## Introduction

Python is one of the most widely used programming languages across a broad spectrum of applications. First invented in the late 80s, it has come a long way since then (we're nearing Python 4!).

Interestingly, Python that is originally a developer's tool has also become the lingua franca of data munging and crunching, well surpassing free open source tools like R (that was originally made by statisticians for statisticians). I've myself witnessed this great language's growth in popularity; when I first joined Kaggle over 5 years ago, R was the dominant tool and data science itself was a pretty confined area, and well quite unheard of.

In such a short period of time, the growth of Python and data science has gone hand-in-hand, and Python now has well overtaken most of its contemporaries. I thought I might explore the Python community of Kaggle and see what it has to show us. This is my first submission on Kaggle, despite joining it in 2014 with people of my age group now being master competitors here (I thank them for the inspiration).
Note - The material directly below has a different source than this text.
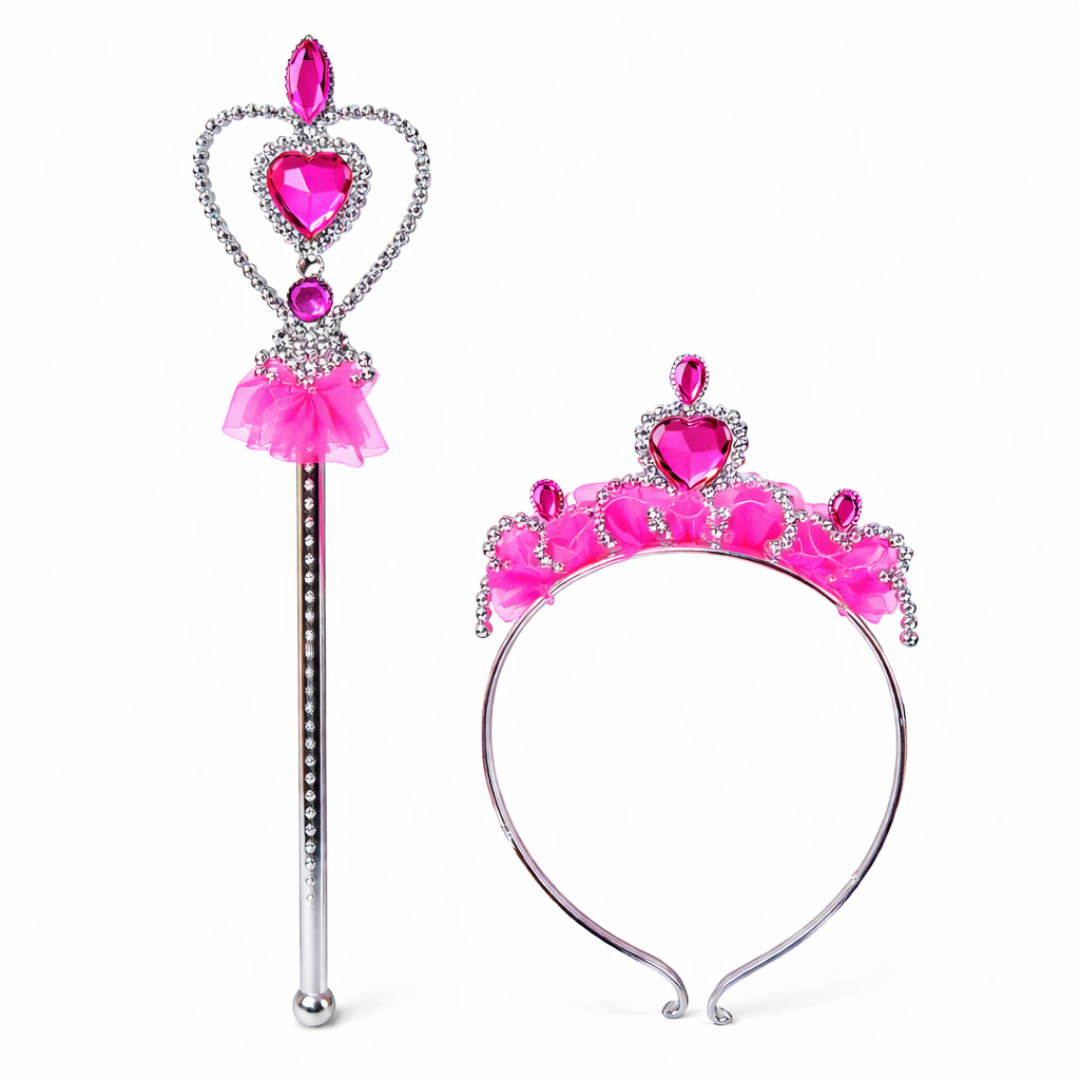 Dark Pink Organza Crown & Wand Set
But it's never too late! And so I hope this notebook would come out as interesting and insightful as possible.

In this notebook I explore specifically the Python community with some comparisons with other lanugages here and there. Pandas is a powerful tool and I personally believe it to be more versatile than R's tidyr package. And so here I've done most analysis through the chained `.groupby().unstack()` approach, keeping my code as simple and yet insightful as possible.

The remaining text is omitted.